* ASSIGNED TASK *
Begin at the line containing "DIY Glas Tulipan Globe Lampe" in the entries below and end at the line containing "Midwest Home Living Room Art"; transcribe that range exactly and nothing outside it.

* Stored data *
•••

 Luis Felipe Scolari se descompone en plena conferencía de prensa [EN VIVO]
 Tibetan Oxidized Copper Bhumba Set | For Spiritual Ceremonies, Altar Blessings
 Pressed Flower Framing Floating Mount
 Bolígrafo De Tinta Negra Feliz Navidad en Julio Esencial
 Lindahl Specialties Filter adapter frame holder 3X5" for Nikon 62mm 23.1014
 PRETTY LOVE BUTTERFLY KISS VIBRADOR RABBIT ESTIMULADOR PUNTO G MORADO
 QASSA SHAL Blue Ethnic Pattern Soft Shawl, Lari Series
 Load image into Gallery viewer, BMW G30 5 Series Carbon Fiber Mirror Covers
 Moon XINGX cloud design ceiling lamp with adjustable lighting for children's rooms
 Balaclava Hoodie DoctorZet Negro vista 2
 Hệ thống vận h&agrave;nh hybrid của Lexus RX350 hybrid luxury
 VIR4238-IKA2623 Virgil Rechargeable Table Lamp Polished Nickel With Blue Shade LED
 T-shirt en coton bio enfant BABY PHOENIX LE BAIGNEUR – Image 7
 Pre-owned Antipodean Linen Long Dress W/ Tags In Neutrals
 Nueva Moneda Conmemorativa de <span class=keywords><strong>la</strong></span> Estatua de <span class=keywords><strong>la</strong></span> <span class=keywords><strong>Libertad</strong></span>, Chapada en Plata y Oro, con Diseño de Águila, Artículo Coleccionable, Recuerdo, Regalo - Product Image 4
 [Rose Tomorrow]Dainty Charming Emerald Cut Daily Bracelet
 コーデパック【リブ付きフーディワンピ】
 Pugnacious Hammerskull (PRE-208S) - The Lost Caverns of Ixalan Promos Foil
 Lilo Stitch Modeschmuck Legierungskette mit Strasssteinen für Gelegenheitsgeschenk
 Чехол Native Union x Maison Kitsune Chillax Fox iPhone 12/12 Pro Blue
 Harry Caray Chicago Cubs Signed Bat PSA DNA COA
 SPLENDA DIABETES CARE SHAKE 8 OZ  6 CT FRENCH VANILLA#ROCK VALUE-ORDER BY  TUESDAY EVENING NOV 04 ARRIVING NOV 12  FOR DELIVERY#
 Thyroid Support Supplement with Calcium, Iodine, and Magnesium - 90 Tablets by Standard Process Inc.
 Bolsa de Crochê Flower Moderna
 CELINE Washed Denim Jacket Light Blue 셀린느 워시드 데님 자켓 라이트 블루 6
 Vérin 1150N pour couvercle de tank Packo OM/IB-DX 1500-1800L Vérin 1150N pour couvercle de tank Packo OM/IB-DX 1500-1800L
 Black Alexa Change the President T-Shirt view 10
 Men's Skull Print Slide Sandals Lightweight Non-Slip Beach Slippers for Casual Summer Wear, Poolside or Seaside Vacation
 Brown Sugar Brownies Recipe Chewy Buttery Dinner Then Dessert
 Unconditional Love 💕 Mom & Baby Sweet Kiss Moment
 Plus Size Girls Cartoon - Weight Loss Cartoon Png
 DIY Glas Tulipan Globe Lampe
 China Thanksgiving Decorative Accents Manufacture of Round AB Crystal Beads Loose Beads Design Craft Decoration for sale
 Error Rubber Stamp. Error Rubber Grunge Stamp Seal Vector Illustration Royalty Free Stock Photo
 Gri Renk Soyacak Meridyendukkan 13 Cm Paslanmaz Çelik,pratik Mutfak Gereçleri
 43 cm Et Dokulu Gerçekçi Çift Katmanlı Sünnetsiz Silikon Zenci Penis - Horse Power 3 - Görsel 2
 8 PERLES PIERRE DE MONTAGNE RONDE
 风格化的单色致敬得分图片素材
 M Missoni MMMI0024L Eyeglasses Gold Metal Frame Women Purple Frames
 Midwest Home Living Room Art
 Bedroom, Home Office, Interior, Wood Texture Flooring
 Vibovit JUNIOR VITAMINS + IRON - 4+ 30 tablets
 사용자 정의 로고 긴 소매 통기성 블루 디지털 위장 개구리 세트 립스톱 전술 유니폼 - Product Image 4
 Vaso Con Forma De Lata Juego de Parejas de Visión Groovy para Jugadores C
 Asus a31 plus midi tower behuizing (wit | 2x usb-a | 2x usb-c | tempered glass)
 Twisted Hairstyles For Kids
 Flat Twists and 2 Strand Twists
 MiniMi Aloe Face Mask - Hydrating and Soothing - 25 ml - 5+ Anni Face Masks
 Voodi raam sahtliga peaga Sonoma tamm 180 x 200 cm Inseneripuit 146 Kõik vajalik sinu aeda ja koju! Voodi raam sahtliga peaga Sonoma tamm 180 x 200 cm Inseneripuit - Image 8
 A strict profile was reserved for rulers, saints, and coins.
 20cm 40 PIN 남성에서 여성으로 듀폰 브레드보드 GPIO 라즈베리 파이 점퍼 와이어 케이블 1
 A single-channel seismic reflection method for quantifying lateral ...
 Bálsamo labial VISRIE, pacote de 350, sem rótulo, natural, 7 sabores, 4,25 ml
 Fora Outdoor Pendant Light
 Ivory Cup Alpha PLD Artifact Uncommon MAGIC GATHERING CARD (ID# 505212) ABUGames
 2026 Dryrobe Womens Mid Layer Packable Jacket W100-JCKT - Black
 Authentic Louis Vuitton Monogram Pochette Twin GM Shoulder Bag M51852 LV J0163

•••

* EXPECTED OUTPUT *
 DIY Glas Tulipan Globe Lampe
 China Thanksgiving Decorative Accents Manufacture of Round AB Crystal Beads Loose Beads Design Craft Decoration for sale
 Error Rubber Stamp. Error Rubber Grunge Stamp Seal Vector Illustration Royalty Free Stock Photo
 Gri Renk Soyacak Meridyendukkan 13 Cm Paslanmaz Çelik,pratik Mutfak Gereçleri
 43 cm Et Dokulu Gerçekçi Çift Katmanlı Sünnetsiz Silikon Zenci Penis - Horse Power 3 - Görsel 2
 8 PERLES PIERRE DE MONTAGNE RONDE
 风格化的单色致敬得分图片素材
 M Missoni MMMI0024L Eyeglasses Gold Metal Frame Women Purple Frames
 Midwest Home Living Room Art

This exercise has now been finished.